In September, a mural on the same bridge at Duke celebrating Latinx Heritage Month was scribbled out with black graffiti less than 24 hours after it was completed. “It saddens us to say that this is not the first time an act of hate has happened on Duke’s campus,” Mi Gente, the school’s Latinx organization wrote in a statement at the time. “This incident is just another one of many that have happened, but have received no justice.”

According to a recent report by the FBI, hate crimes on college campuses are on the rise across the country. In 2017, campus police departments reported 280 hate crimes, up from 257 in 2016 and 194 the previous (those are all likely vast underestimates of the scale of the problem, as only a fraction of campus police departments or regular police departments submit data to the FBI).

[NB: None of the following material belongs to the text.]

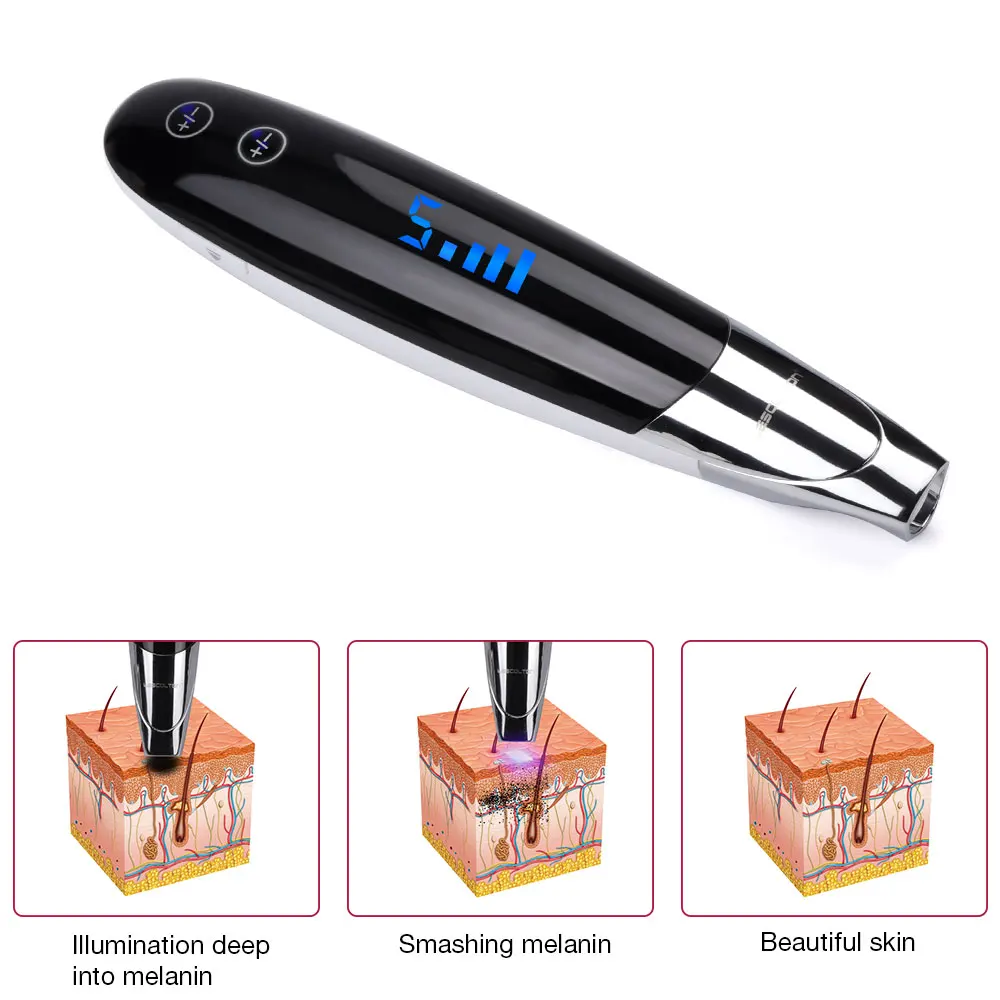 picosecond laser pen tattoo removal LMH181214-01 (8)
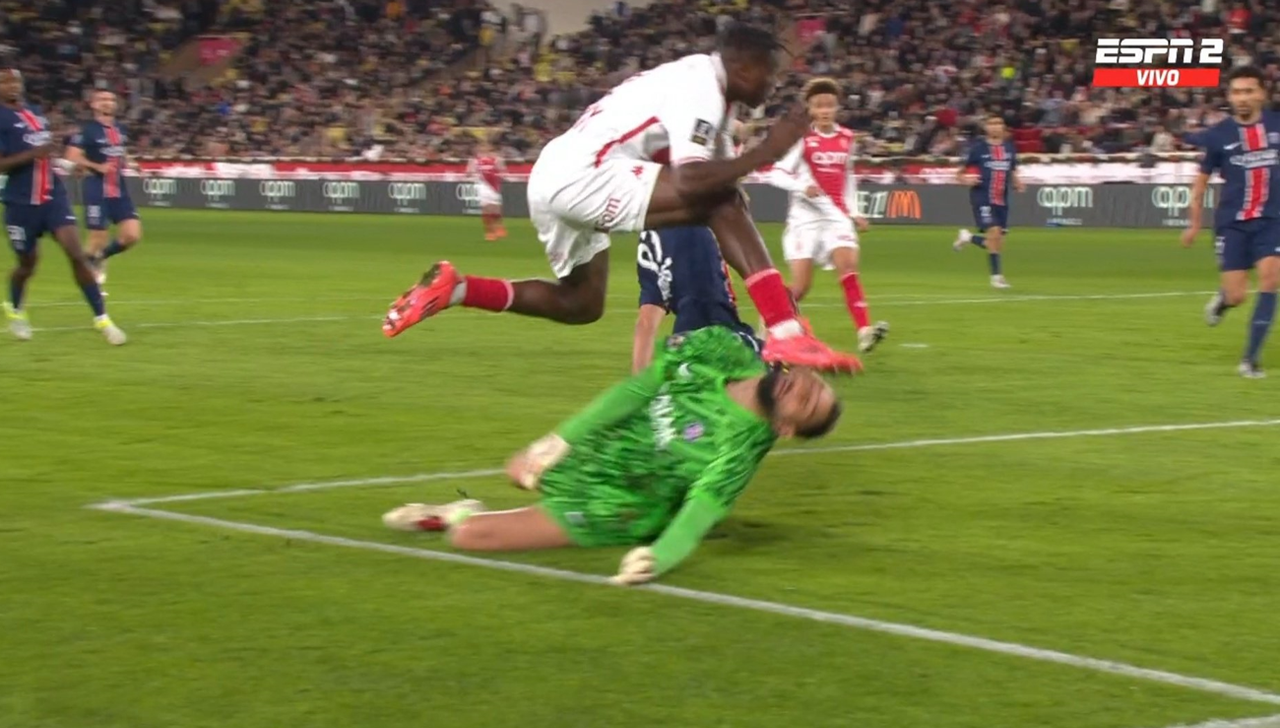 Le dure immagini del volto di Donnarumma dopo il terribile intervento di Singo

In his statement, Duke president Price acknowledged the creep of hatred into campus life, and beyond. For example, three swastikas appeared at different locations on Cornell University’s campus in New York state in the last nine days.

“This poison of hate is not confined to Duke,” Price said. “It is part of a national, even global, trend that has seen hate crimes in general, and anti-Semitism in particular, increase dramatically in the past year. And since this incident follows others on campus and in Durham, we have an urgent obligation to confront anti-Semitism and other forms of hate on campus and in Durham.”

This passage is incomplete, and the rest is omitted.